I love every single one of these films, and unfortunately I'm not going to go into too much detail, but the fine line is that these are all superbly crafted animated movies. Green Lantern, however, does suffer from a small flaw: lack of character development defeated by a short running time. A flaw that I don't quite understand; it's a animated flick, they could write and animate any scenes they want. Watching Hal Jordan come to terms with this whole galactic order of peace keepers, and come to terms to his powerful role in events - I wouldn't have minded a few scenes of him trying to grasp it. Terry had more emotional moments in the Batman Beyond pilot.
First Flight is high on action and plot, but sadly light on character. However, I can't blame them too much. They have a product to sell, and more likely than not, youngsters and teens are picking these up to see some planetary explosions and aliens doing universe-saving deeds. So plot, not exactly high on the top of their list. Still, it was fun, and the story is highly intriguing, so I demand sequel.

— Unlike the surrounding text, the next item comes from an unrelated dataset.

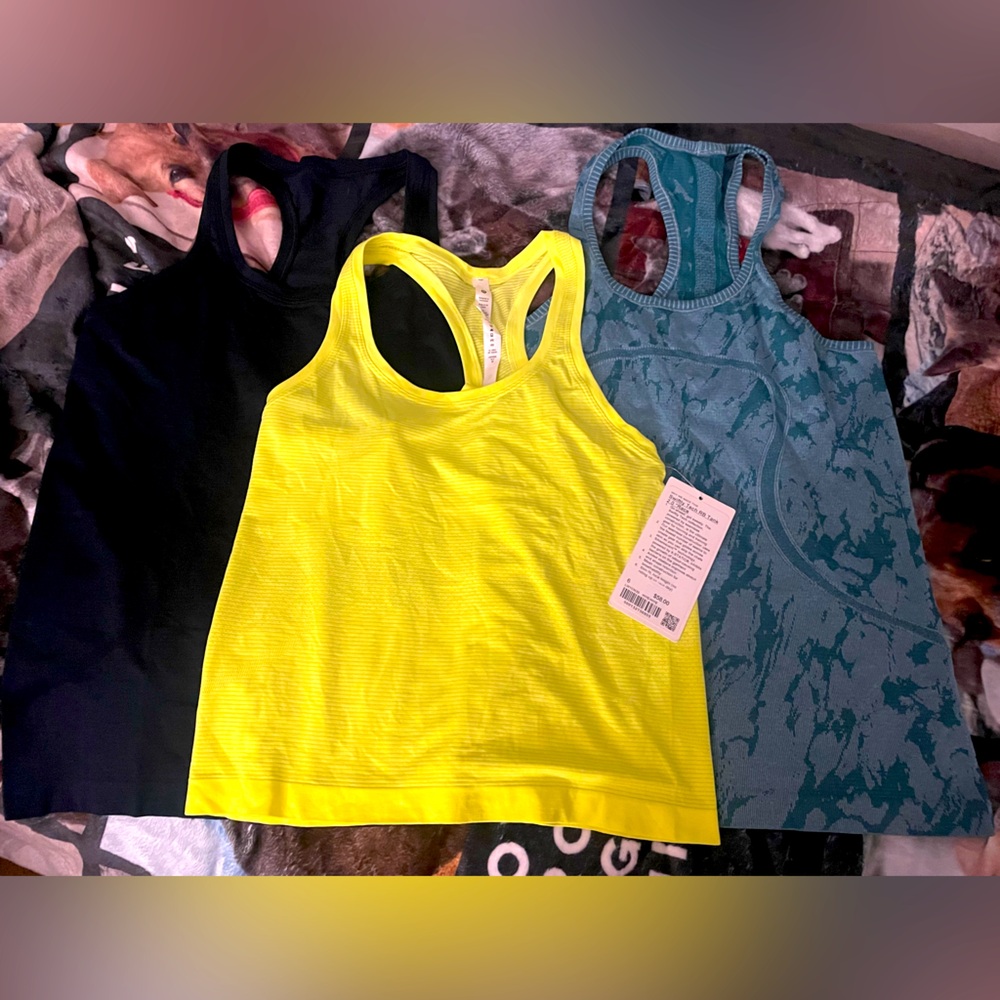 Lululemon swiftly tank bundle size 6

Cast (v): Fred Tatasciore, Bryce Johnson, Steven Blum, Matthew Wolf, Nolan North
Writer: Craig Kyle & Christopher Yost
Director: Frank Paur & Sam Liu
Release: 27 January 2009
Marvel Animation, 82 mins., Rated PG-13
A title with "VS." in the title has a certain league of battleage that it needs to match in order to meet expectations. "VS." as in King Kong vs. Godzilla, Freddy vs. Jason, Somebody vs. Somebody Else that I Don't Know [not a actual movie title], etc., etc. And holy potatoes, Hulk vs. matches expectations many times over, and even offered elements that were very welcomed.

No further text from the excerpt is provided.